Douglas was faced with an agonizing dilemma. The message was clear. Momentum, that most precious of Hollywood commodities, was slowing dangerously and if the movie was not to stall altogether—again—he was going to have to let another writer into the fold. Disney and Spyglass handled things with considerable tact and respect. In the meeting, David Vogel, a thoughtful man and a former Rabbinical scholar, likened Douglas to the designer of a cathedral, with the next step of the process being akin to hiring the master stone mason—not the man with the vision but a different kind of craftsman, concerned with making sure that the brilliance of the original conception had the right foundations.

An experienced writer was hired and wrote a new draft, which was completed in autumn 1999. There was not much collaborative work possible with Douglas and although it was by no means a bad script, it didn’t really move the process forward. More ominously it coincided with a regime change at the studio. David Vogel and Joe Roth, who had been in charge when Disney bought the rights, both moved on. Nina Jacobson, now president of Buena Vista Pictures, responsible for developing scripts and overseeing film production for Walt Disney Pictures, was now in charge. Her biggest concern was budget level and at that stage she was not sure that the material as it was could break out of its fan base to create a movie Disney could get behind.

Frustrated yet again, Douglas decided to write yet another draft and this he delivered in summer 2000. Disney were still not convinced, and in fact were increasingly unsure that this movie was for them. So, with their permission, the script was quietly sent to other studios. The project still had some very powerful supporters. Jay was by now an A-list comedy director and Roger Birnbaum and his partner Gary Barber at Spyglass were extremely influential. Nevertheless, all the studios and the key independents who were shown the new draft passed. One call in particular stands out in my mind as summing up everything that was so painful about this tantalizing period. Douglas phoned me from Santa Barbara while I was on a beach in Corsica with my family. He told me that Joe Roth, who was now at Revolution Studios, had passed. I remember the awful sinking feeling as I looked across to my family and saw my wife noticing the anxiety on my face. This call felt to me especially bad news as Joe was a close friend and colleague of Roger Birnbaum’s and had, behind the scenes, been very instrumental in bringing
Hitchhiker’s
to Disney when he was head of the studio. If he had no appetite for this, who would? Ed Victor also remembers this period all too well: “It fell into a black hole again. At one point we went to the bar next door to the office here, both ordered huge vodka martinis and Douglas said, ‘I estimate that I must have spent a total of five years of my professional life on this fucking film, Ed. Never let me do this again.’”

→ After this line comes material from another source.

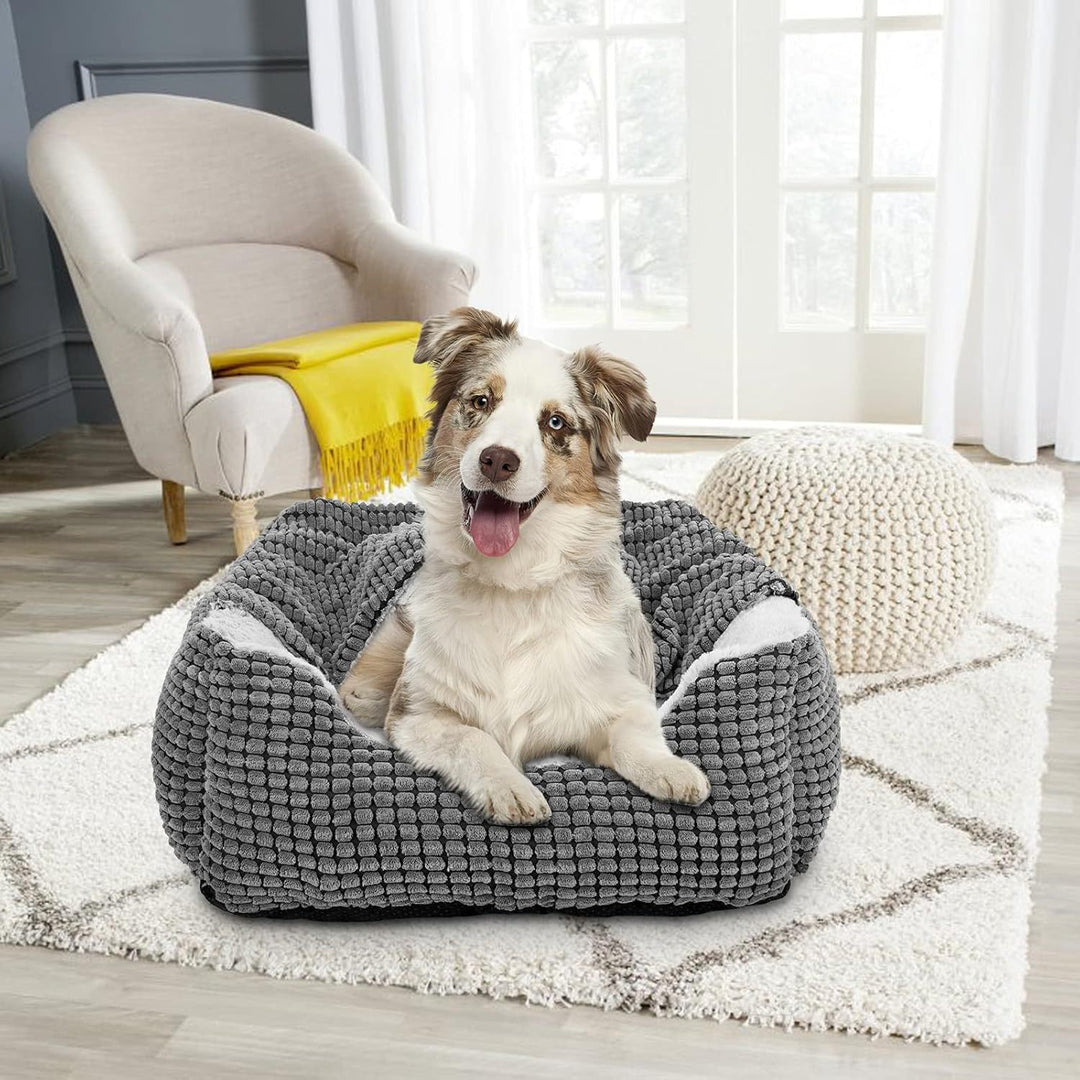 Plush Triangle Hideaway Dog Bed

But of course Douglas never did really let go of the hope that one day there would be a movie of
Hitchhiker’s.

In spring 2001, with the film still stalled, Jay Roach came to feel that after working on the movie for several years maybe he was simply not the right person to take things further, and very sadly and reluctantly he decided to bow out as director, although as producer he remained as committed as ever. Spyglass too were still determined to find a way forward. Jon Glickman, president of Spyglass Entertainment, and Derek Evans, who had first brought
Hitchhiker’s
to the attention of Roger Birnbaum when he joined Spyglass as a development executive, had been two of the staunchest supporters of the movie.
4
Jon remembers seeing the need for realism about the budget and returning to their first instinct, which had been to find a director on the way up, as indeed Jay had been when we first met him back in 1997. But it was a pretty dispiriting time.